▸ **Exercise instructions**:
Print the listing below a second time, exactly, and omit its images.

▸ **Data shown**:

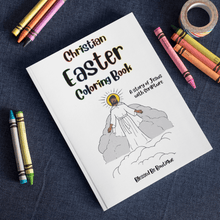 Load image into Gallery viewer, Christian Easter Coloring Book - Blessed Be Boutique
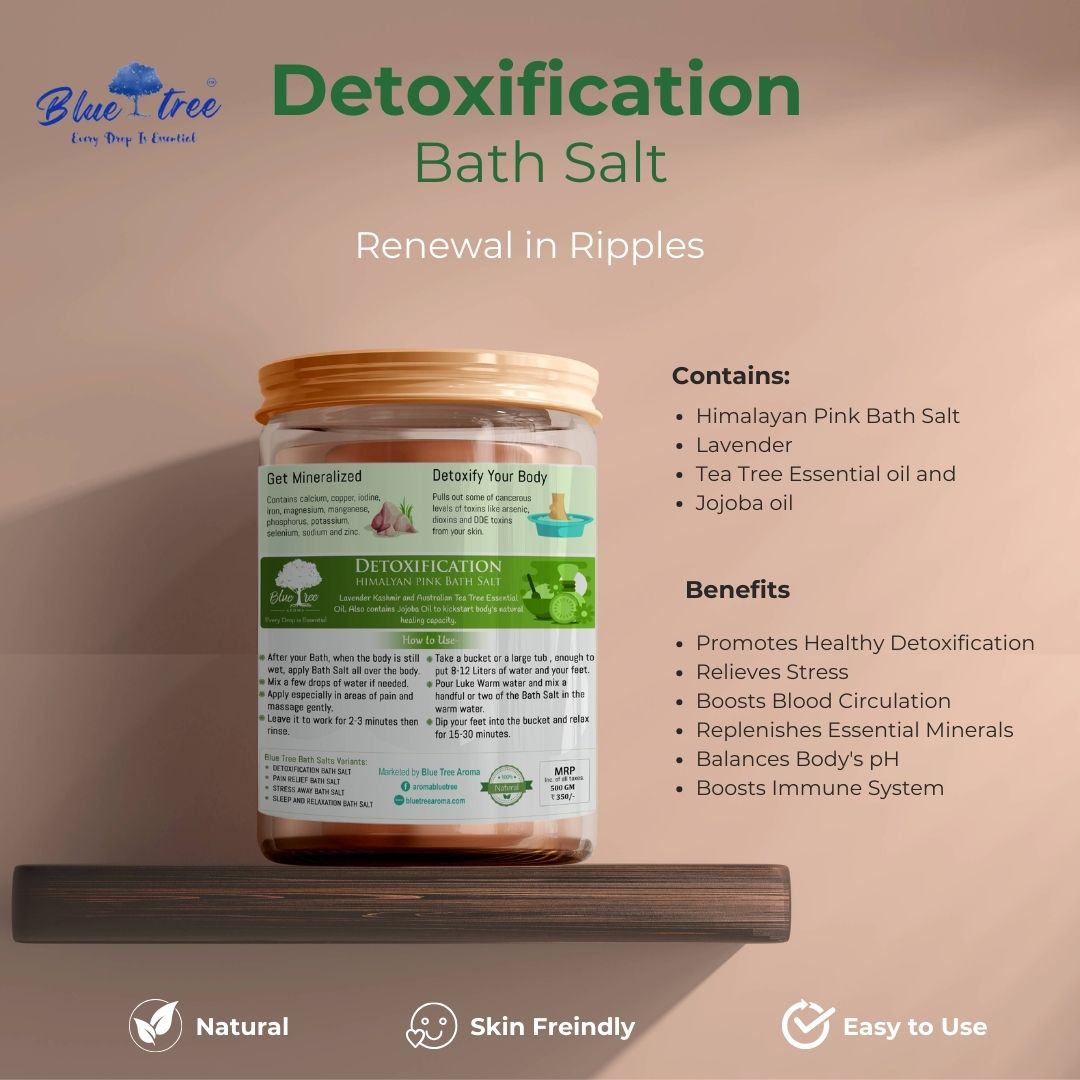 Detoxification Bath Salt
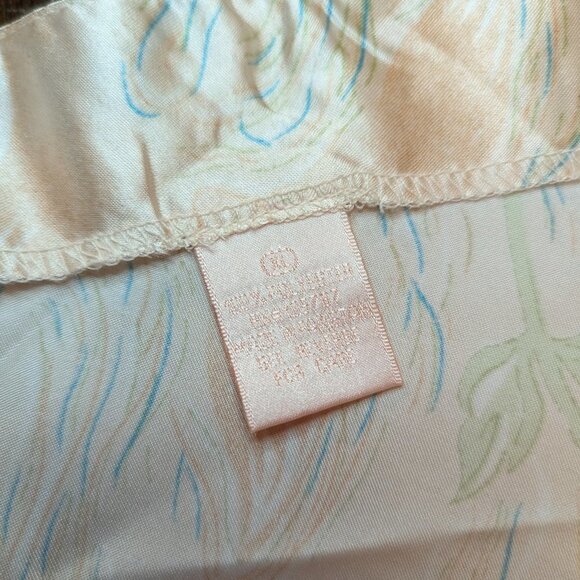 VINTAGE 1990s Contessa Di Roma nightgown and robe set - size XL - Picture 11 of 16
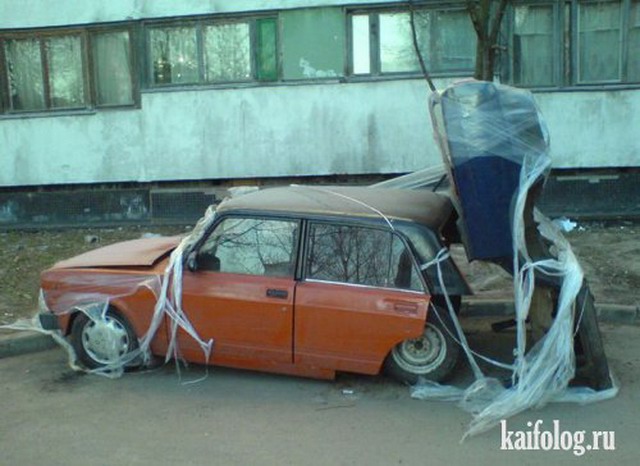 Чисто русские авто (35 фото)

▸ **Result**:
 Load image into Gallery viewer, Christian Easter Coloring Book - Blessed Be Boutique
 Detoxification Bath Salt
 VINTAGE 1990s Contessa Di Roma nightgown and robe set - size XL - Picture 11 of 16
 Чисто русские авто (35 фото)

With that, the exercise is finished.